(Caption-style text data)
━━━━━━━━━━

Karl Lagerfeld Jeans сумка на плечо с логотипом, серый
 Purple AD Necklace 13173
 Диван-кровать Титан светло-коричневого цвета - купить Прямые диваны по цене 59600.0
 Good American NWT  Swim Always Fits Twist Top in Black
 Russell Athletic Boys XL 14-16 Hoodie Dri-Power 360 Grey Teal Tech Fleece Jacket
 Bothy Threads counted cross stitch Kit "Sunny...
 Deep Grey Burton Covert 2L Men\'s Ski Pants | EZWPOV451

━━━━━━━━━━

● **TASK OBJECTIVE**
Please copy every line in the entries where "Grey" appears.

● **WORKED SOLUTION**
 Russell Athletic Boys XL 14-16 Hoodie Dri-Power 360 Grey Teal Tech Fleece Jacket
 Deep Grey Burton Covert 2L Men\'s Ski Pants | EZWPOV451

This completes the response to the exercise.